• _WHAT TO PRODUCE_
The records below are to be reproduced exactly, with the pictures left out.

• _GIVEN DATA_
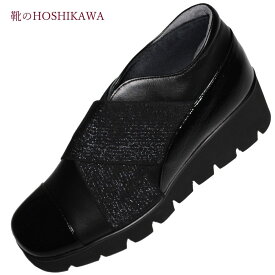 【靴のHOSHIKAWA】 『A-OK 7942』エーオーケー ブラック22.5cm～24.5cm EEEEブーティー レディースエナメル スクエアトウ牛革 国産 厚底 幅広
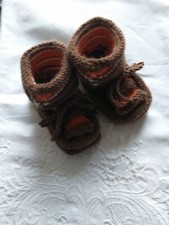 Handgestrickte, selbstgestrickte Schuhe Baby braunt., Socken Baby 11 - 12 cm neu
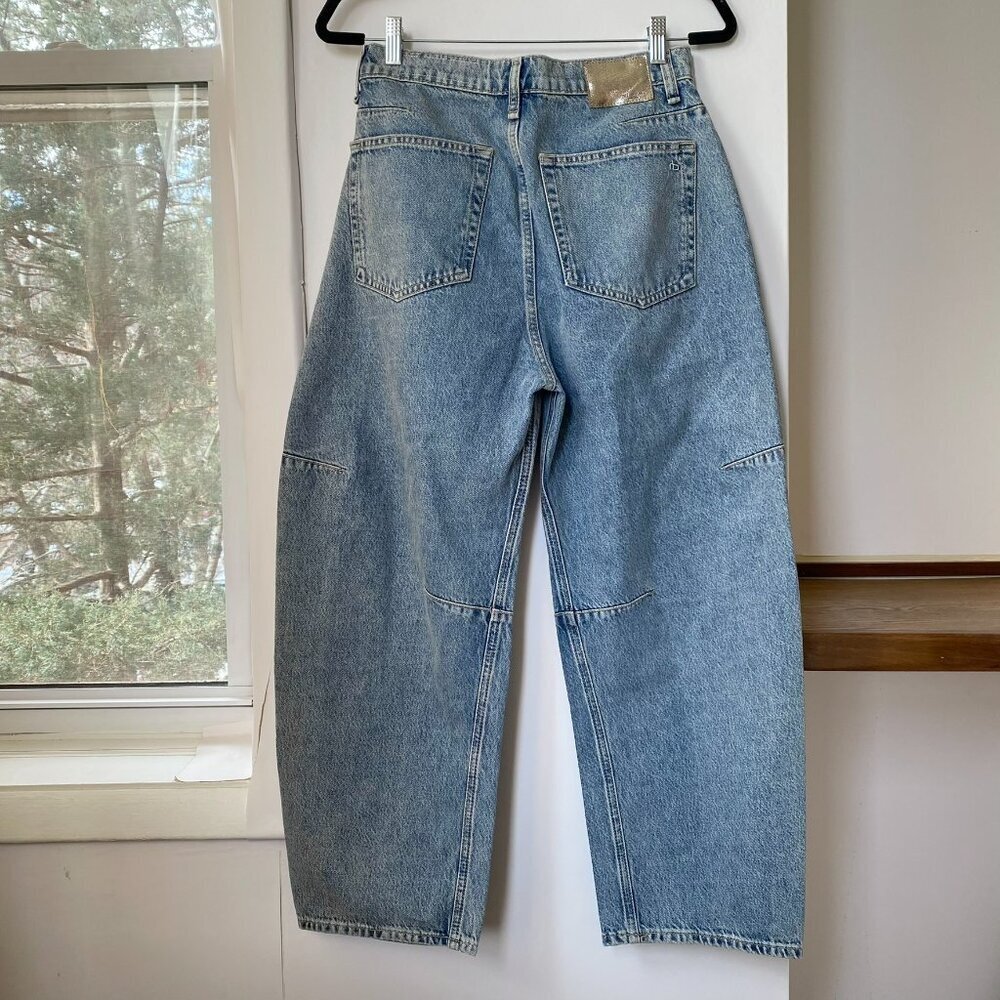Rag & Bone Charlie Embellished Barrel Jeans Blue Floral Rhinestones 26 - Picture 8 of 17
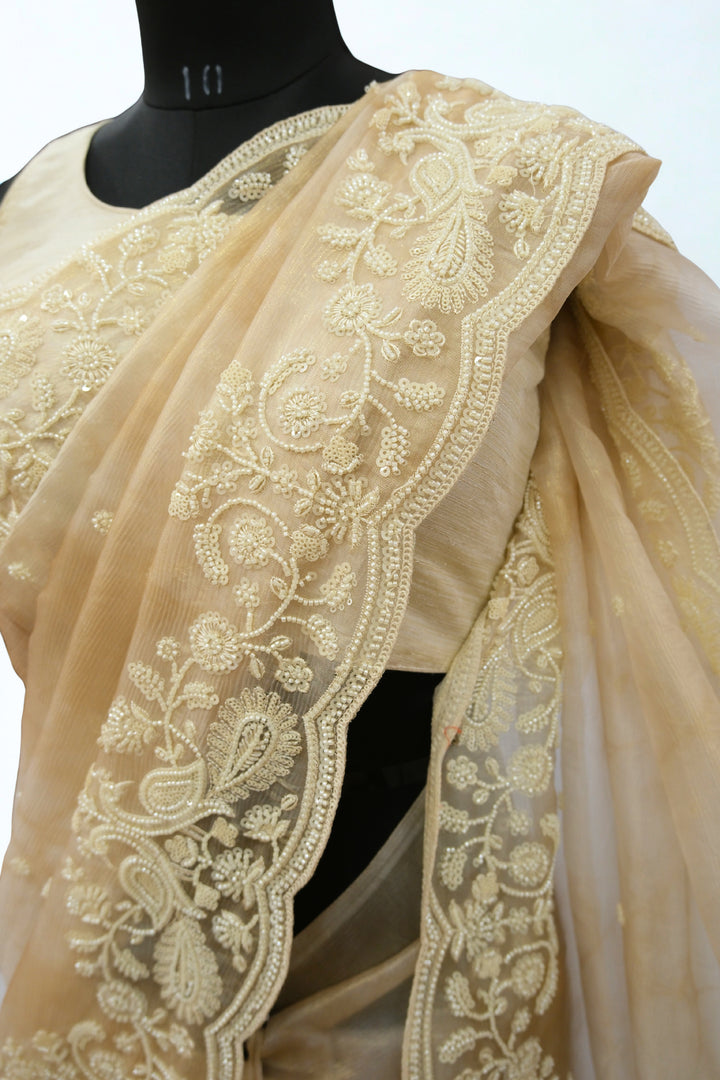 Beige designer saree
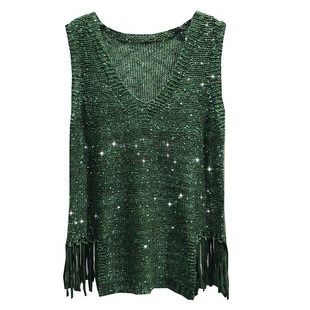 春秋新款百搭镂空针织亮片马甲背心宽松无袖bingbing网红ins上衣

• _SOLUTION_
 【靴のHOSHIKAWA】 『A-OK 7942』エーオーケー ブラック22.5cm～24.5cm EEEEブーティー レディースエナメル スクエアトウ牛革 国産 厚底 幅広
 Handgestrickte, selbstgestrickte Schuhe Baby braunt., Socken Baby 11 - 12 cm neu
Rag & Bone Charlie Embellished Barrel Jeans Blue Floral Rhinestones 26 - Picture 8 of 17
 Beige designer saree
 春秋新款百搭镂空针织亮片马甲背心宽松无袖bingbing网红ins上衣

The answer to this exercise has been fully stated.